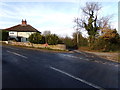 TG0822 : Kerdiston Road, Pettywell by Geographer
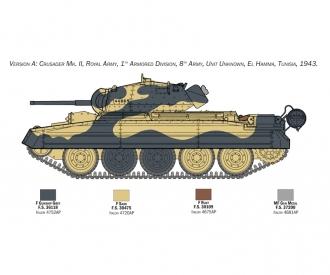 1:35 Crusader Mk.II m. Fig. d'inf. (5)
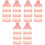 6 Pcs Tiered Formula Dispenser Leakproof Milk Powder Boxes 5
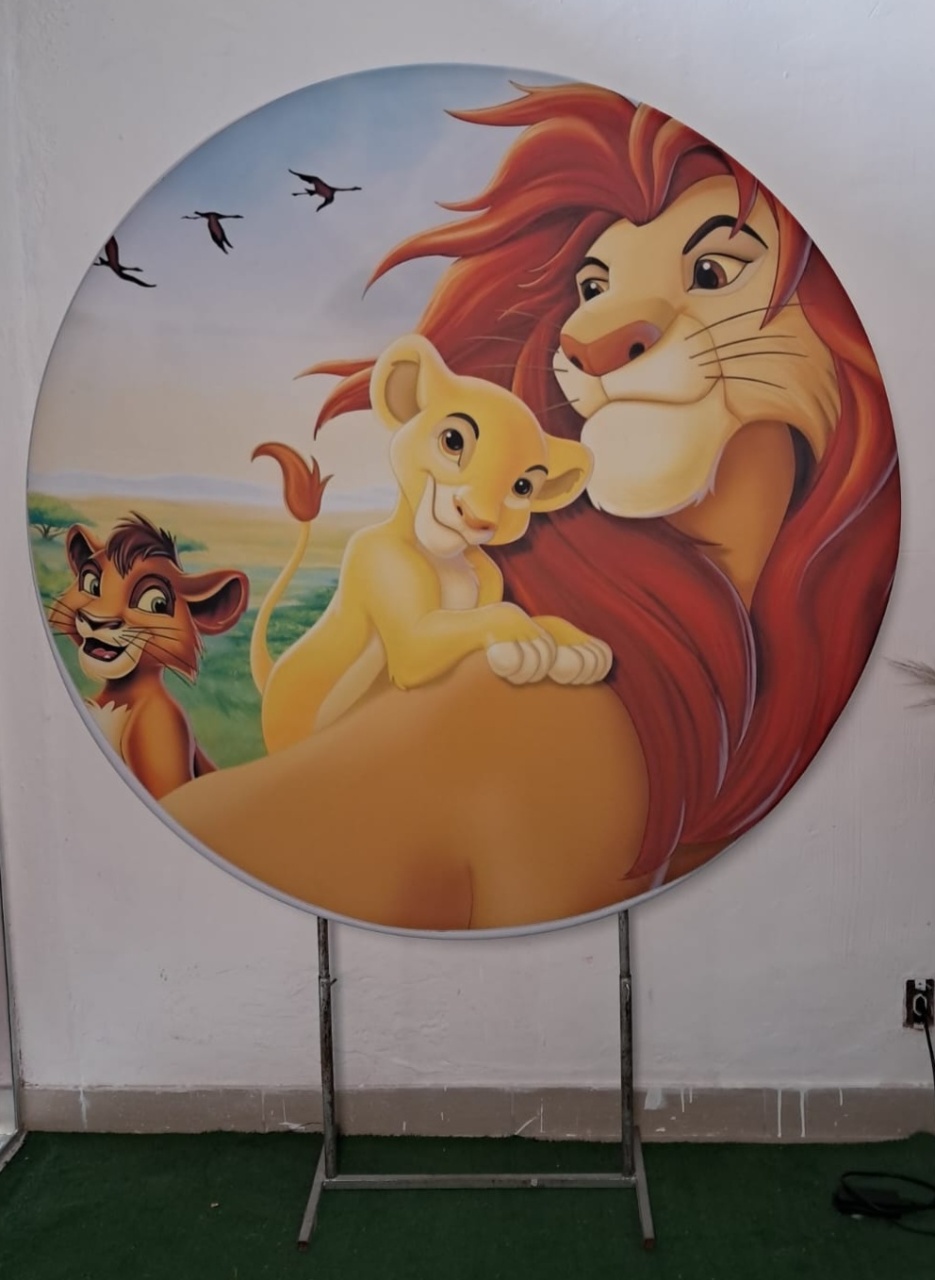 Painel Rei Leão 2 - Stefane Sales 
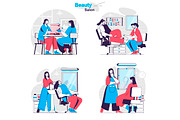 Flat Design Concept Illustrations, a Finance Illustration by alexdndz (Thumbnail 5 of 42)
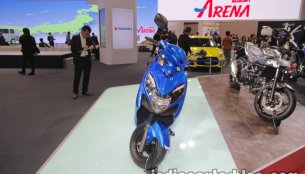 New Suzuki scooter to be unveiled at the 2018 India Auto Expo - Report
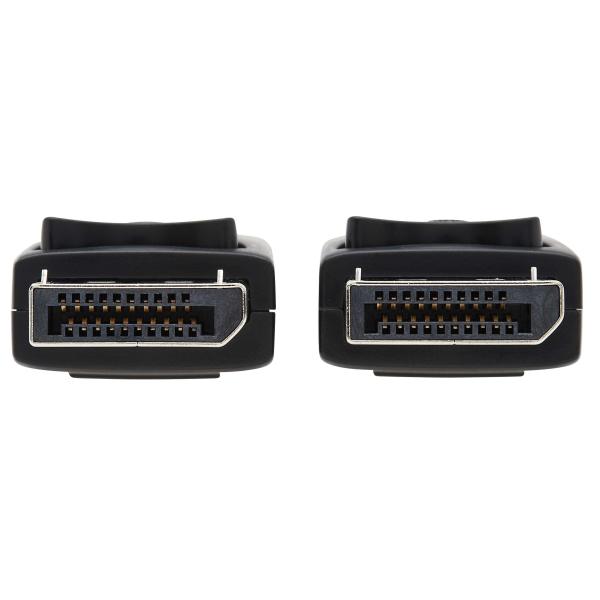 Tripplite Kábel DisplayPort so západkou, 4K 60Hz, (Samec/ Samec), 3.05m 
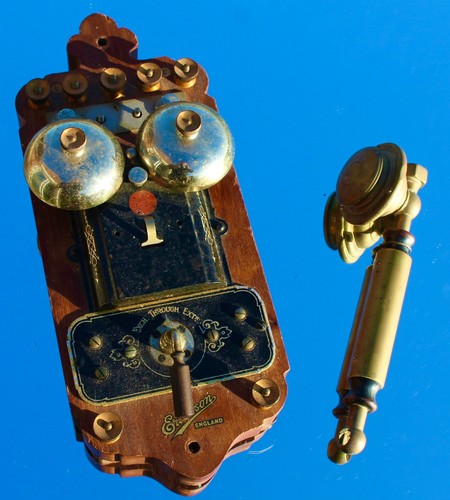 Antique ericsson wall mounted - antique,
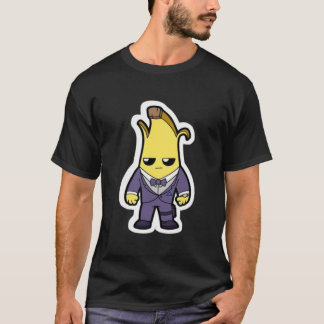 バナナバトルロイヤルキャラクター Tシャツ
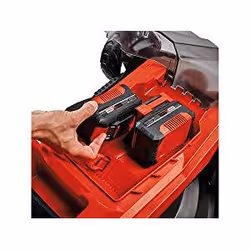 Einhell GE-CM 36/43 Li M-Solo tondeuse à gazon Tondeuse à gazon poussée Batterie Noir, Rouge - Vue supplémentaire 11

**Your objective:** Repeat the listing above word for word. Do not include the pictures.

**Task output:**
 TG0822 : Kerdiston Road, Pettywell by Geographer
 1:35 Crusader Mk.II m. Fig. d'inf. (5)
 6 Pcs Tiered Formula Dispenser Leakproof Milk Powder Boxes 5
 Painel Rei Leão 2 - Stefane Sales 
 Flat Design Concept Illustrations, a Finance Illustration by alexdndz (Thumbnail 5 of 42)
 New Suzuki scooter to be unveiled at the 2018 India Auto Expo - Report
 Tripplite Kábel DisplayPort so západkou, 4K 60Hz, (Samec/ Samec), 3.05m 
 Antique ericsson wall mounted - antique,
 バナナバトルロイヤルキャラクター Tシャツ
 Einhell GE-CM 36/43 Li M-Solo tondeuse à gazon Tondeuse à gazon poussée Batterie Noir, Rouge - Vue supplémentaire 11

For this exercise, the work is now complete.